撞点を測量する時にも、若干ドットが邪魔になったこともありました。

また、普通の手球とドットボールでは、「ドットボールのほうが重い」という話もありました。

確かに、絵の具は色によって質量が異なりますし、同じ赤でも有機顔料と無機顔料を使ったものとでは、やはり質量が違います。

それからすると、普通の手球よりもドットボールのほうが重たくなったとしても、おかしくはないと思います。

でもアラミス社なら、その差はごくわずかなものに抑えているでしょうし、反発計数だとかいろいろなテストをクリアしたものだけが世に出ているはずです。

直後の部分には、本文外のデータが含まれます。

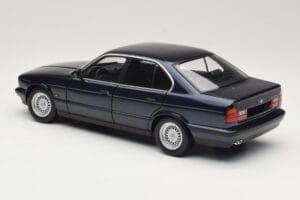BMW 535i E34 Blue Metallic Minichamps 1:18 100024004 Metal — billede 7 af 8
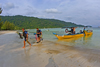 Perhentian Island, Terengganu, Malaysia: Flora Bay - yellow dive boat and divers leaving - photo by S.Egeberg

ですから、重いと感じるのは単純な重さの違いではなくて、感覚的なものではないかと思います。

ボール同士が当たると、90度に近いラインで弾けます。

でもその弾け方が今までと違って「割れない」と感じられたなら、それによって「手球が重い」と感じられてもおかしくはありません。

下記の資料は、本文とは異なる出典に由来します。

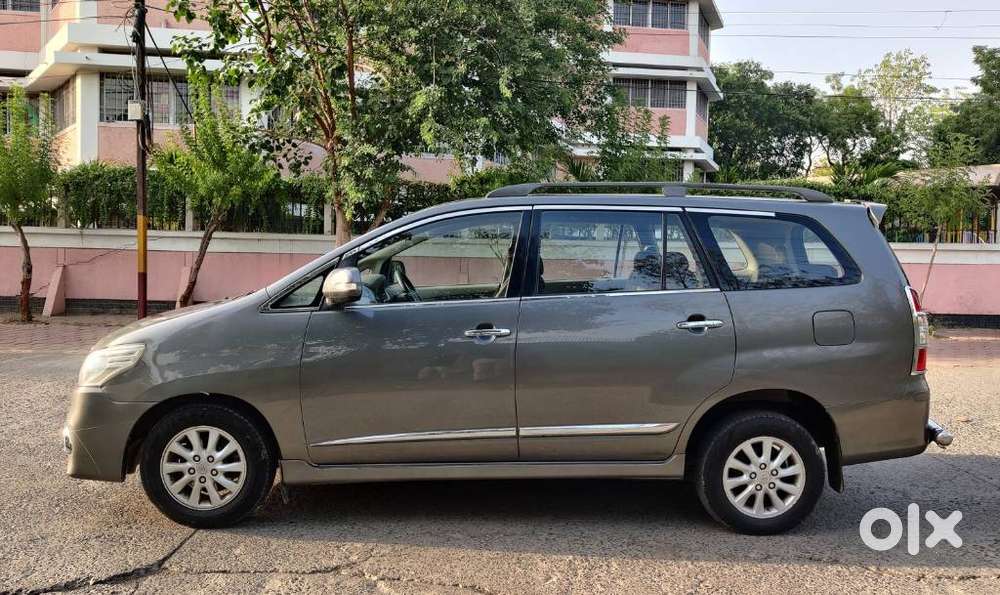 Toyota Innova 2.5 V 8 Str, 2014, Diesel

もっと単純なことをいえば、ボールは使えば使うほど、ラシャとの摩擦や拭き掃除によってすり減ります。

その状態の手球と新しく買ってきたドットボールとを比べれば、それはもちろん新しいドットボールのほうが重いです。

つまり、本来の重さに戻っただけのことで、それによって重いと感じられたのかもしれません。

ちなみにボール掃除には昔、銅や真鍮の錆を落とすための研磨剤が使われていました。

でもそれだとボールが削られてどんどん小さくなっていったので、車や家具用のワックスが使われるようになりました。

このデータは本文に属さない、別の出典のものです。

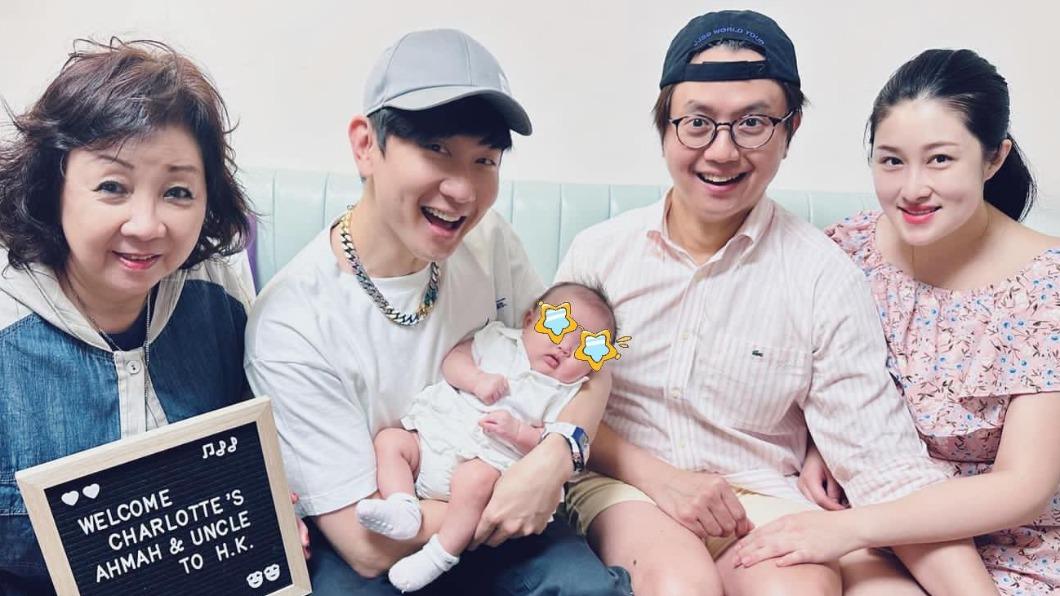 林俊傑（左二）分享和媽媽、哥哥及大嫂的合照，開心宣布林家小公主誕生。（圖／翻攝自林俊傑臉書）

今ではそれらのほか、アラミス社のボール用ワックスも広く使われています。

単に球体を扱うことに面白さを感じて

だからこそ大勢の人が熱心にプレーしている

世界にはいろいろ球技があって、多くの人に親しまれています。

それは、それぞれに面白さがあるからでしょうが、その大元ですべてに共通しているのは「ボールを扱う」ということです。

ボールは、根元的に人を面白がらせる魔力を秘めています。

赤ん坊や幼児は、たとえその意味がわからなくても、または上手にできなくても、ボールを転がすだけで楽しいと感じて喜びます。

あるいは河原で見つけた丸い石を宝物にしたり、水晶の玉が神秘的に感じられたりもします。

そうした感覚と同じで、つまりその球技のどこがどう面白いということではなく、単に球体を扱うことに面白さを感じて、だからこそ大勢の人が熱心にプレーしているのではないかと思います。

それはビリヤードも同じだと思います。

スリークッションやナインボールが面白いということではなくて、地球上で最も真球度の高いボールを扱えるという喜びがあって、そしてそれだけのものをデリケートにコントロールするところに、実はみんな面白さを感じているのではないでしょうか。

ボールをクッションに向かって撞くだけでも十分楽しいはずですし、始めたころはそれだけでワクワクしたことでしょう。

撞いた時の感触や音を感じるだけで嬉しいという人も、少なくないと思います。

ですからジュニアでもシニアでも、初心者にビリヤードを教える場合には、得点の仕方だとかを教える前に、まずはそういう面白さから伝えると興味を持ちやすいし、普及していくように思います。

キャリアが増えて技術や勝負だけに目が向いてしまうと、根元にある「球と付き合うことの楽しさ」を忘れてしまいます。

得点できないとか上達しないとかで思い悩むことが多い人は、今一度その原点に戻ってみてはいかがでしょうか。